* [GIVEN INFORMATION]
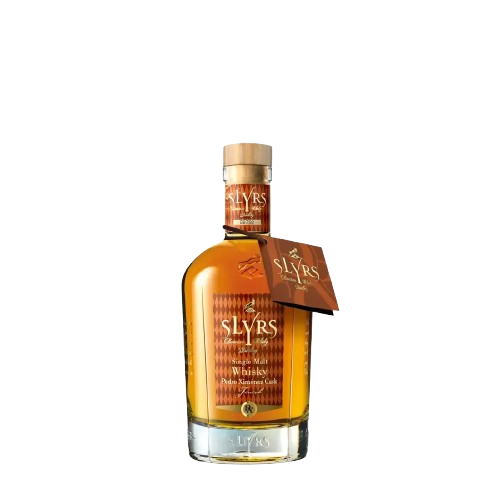 SLYRS Single Malt Whisky Pedro Ximénez Cask Finish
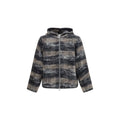 Our Legacy Gray Wool Oves Aries Sweatshirt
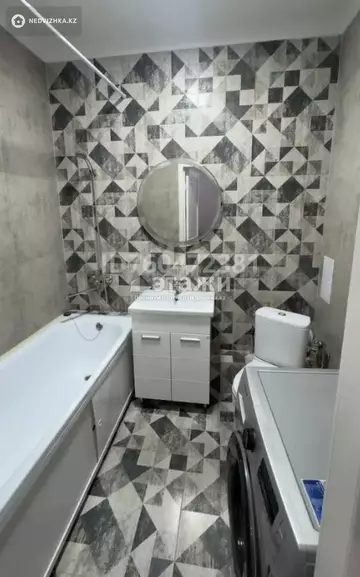 38.1 м², 1-комнатная квартира, этаж 5 из 9, 38 м², изображение - 3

* [TASK PROMPT]
Reproduce the listing word for word, but keep the pictures out of it.

* [ANSWER TO THE EXERCISE]
 SLYRS Single Malt Whisky Pedro Ximénez Cask Finish
 Our Legacy Gray Wool Oves Aries Sweatshirt
 38.1 м², 1-комнатная квартира, этаж 5 из 9, 38 м², изображение - 3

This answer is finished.